Instructions for the task :: From the listing below, copy only the lines running from the line that contains "Smart car chassis" to the line that contains "Autocollants Pour Bouteille", both included.

The data ::
━━━━━━
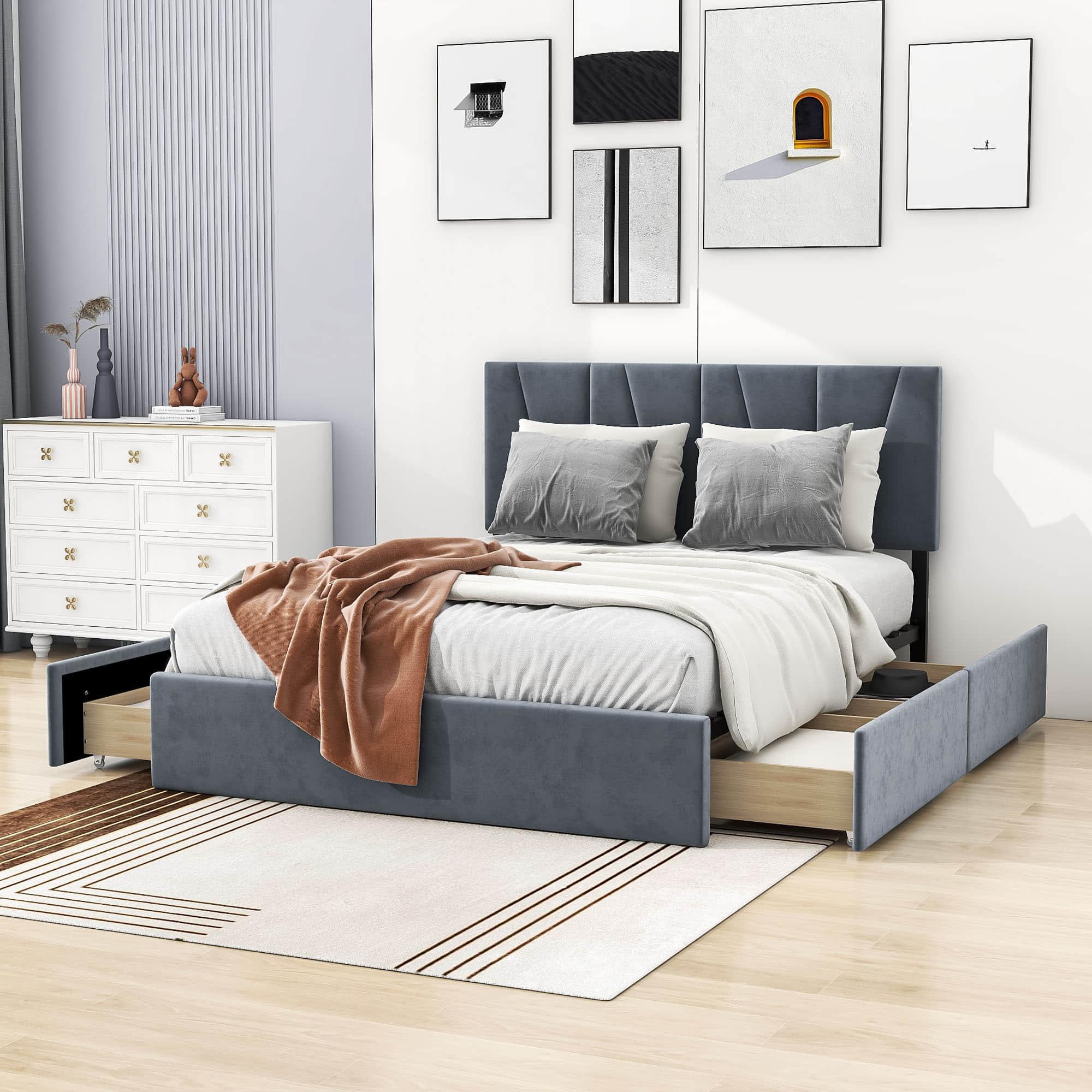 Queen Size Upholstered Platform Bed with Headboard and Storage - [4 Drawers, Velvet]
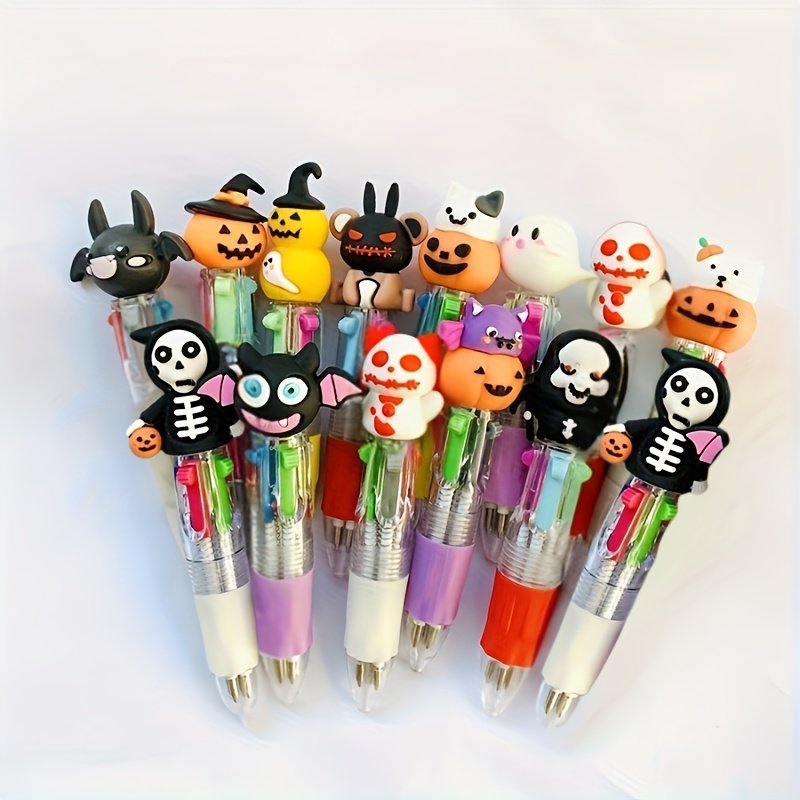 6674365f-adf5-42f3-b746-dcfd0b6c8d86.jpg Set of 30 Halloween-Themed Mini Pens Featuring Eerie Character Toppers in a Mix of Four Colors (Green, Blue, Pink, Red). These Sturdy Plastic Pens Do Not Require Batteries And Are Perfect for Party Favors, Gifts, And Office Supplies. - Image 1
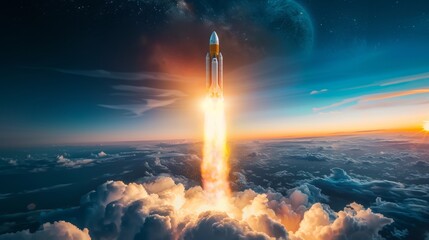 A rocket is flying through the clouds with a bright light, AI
━━━━━━
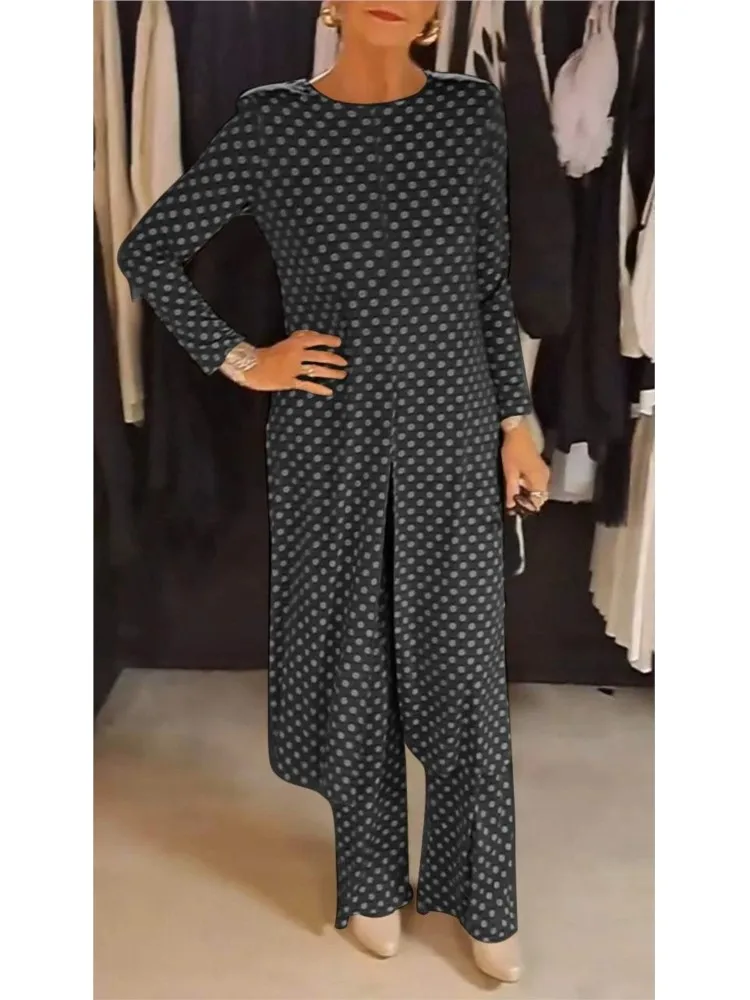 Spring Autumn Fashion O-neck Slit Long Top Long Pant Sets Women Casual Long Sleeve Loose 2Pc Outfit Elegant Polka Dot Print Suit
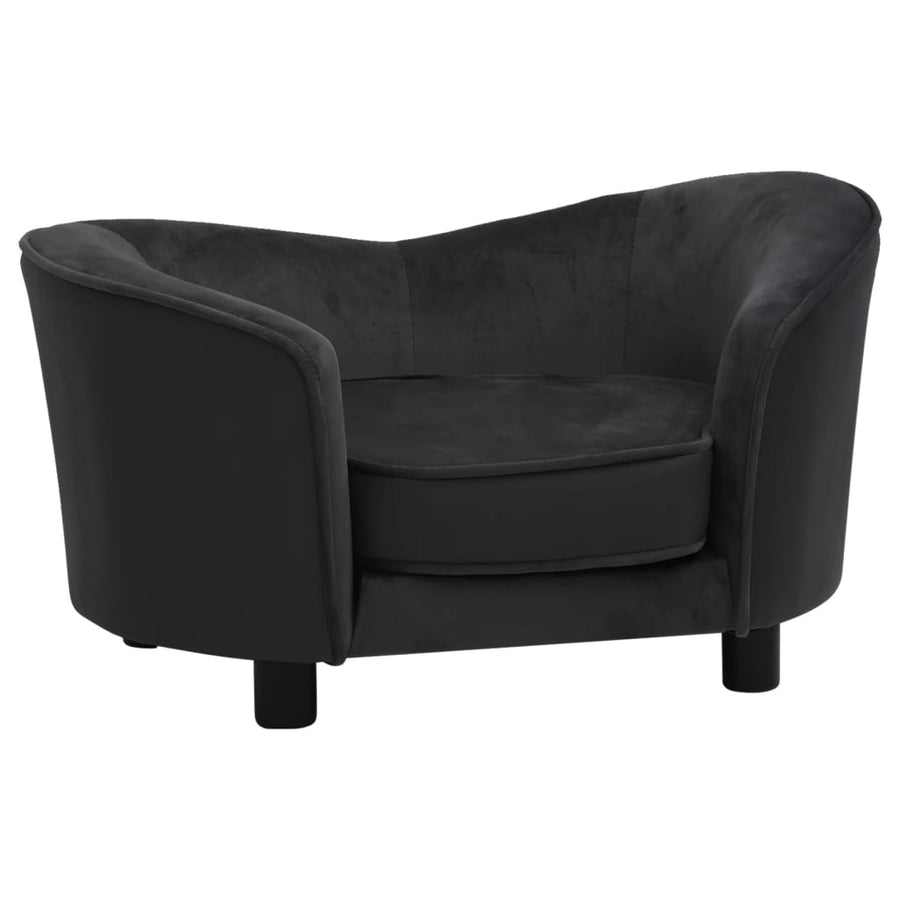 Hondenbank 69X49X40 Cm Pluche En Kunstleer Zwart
━━━━━━
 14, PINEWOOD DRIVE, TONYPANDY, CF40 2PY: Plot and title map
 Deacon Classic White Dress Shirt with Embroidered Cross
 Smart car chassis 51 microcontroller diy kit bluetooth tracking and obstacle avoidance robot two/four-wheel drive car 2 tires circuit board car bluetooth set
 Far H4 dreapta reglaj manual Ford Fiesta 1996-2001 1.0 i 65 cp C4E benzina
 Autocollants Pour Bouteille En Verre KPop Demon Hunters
━━━━━━
Solution to the exercise ::
 Smart car chassis 51 microcontroller diy kit bluetooth tracking and obstacle avoidance robot two/four-wheel drive car 2 tires circuit board car bluetooth set
 Far H4 dreapta reglaj manual Ford Fiesta 1996-2001 1.0 i 65 cp C4E benzina
 Autocollants Pour Bouteille En Verre KPop Demon Hunters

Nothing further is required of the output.